◆ **The task**: The answer must consist solely of the lines from the line with "A lone cowboy" to the end of the data below, transcribed exactly and with no pictures.

◆ **Dataset section**:
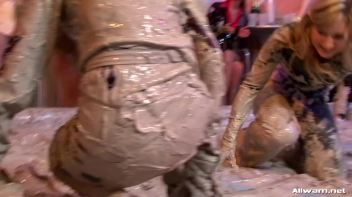 Mud Wrestling Freaks Screencap 13 on www.sinx.com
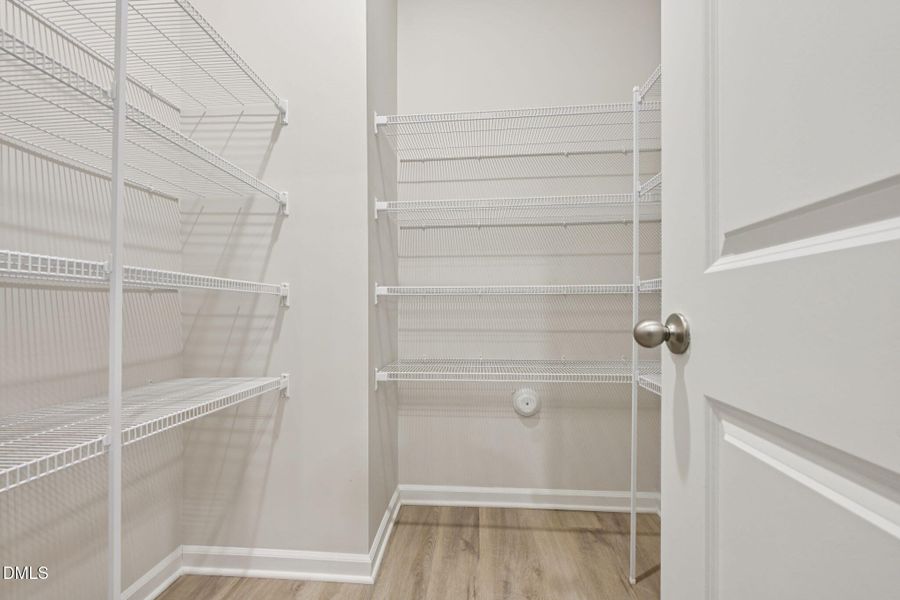 33-web-or-mls-Raleigh - Oak Manor - 608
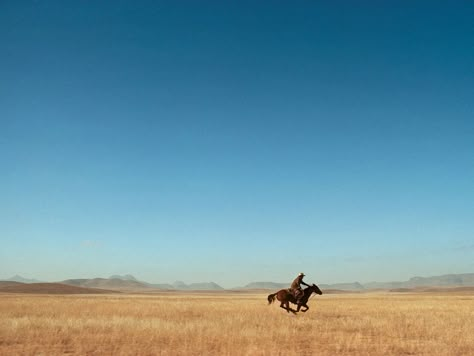 A lone cowboy rides like the wind in west Texas. There is no better life that living, working and being a part of nature. Texas Cowboys, Riding A Horse, In The Middle Of Nowhere, Middle Of Nowhere, Adventure Style, Ancient Beauty, Soft Autumn, West Texas, National Geographic Photos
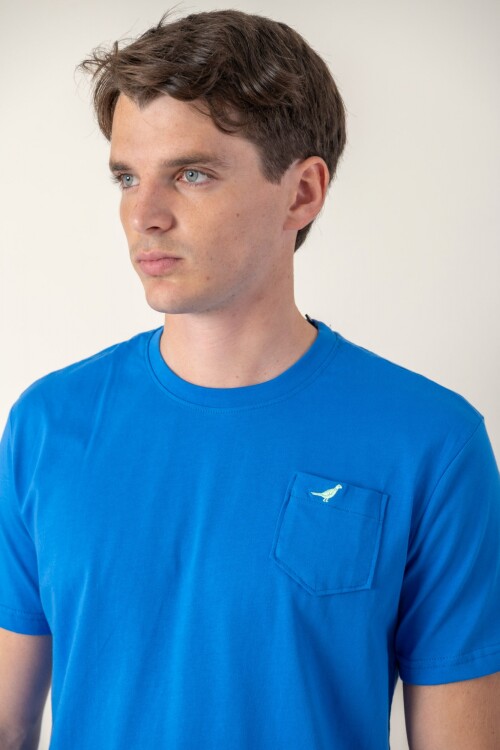 T-Shirt con bolsillo Celeste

◆ **Answer for this exercise**:
 A lone cowboy rides like the wind in west Texas. There is no better life that living, working and being a part of nature. Texas Cowboys, Riding A Horse, In The Middle Of Nowhere, Middle Of Nowhere, Adventure Style, Ancient Beauty, Soft Autumn, West Texas, National Geographic Photos
 T-Shirt con bolsillo Celeste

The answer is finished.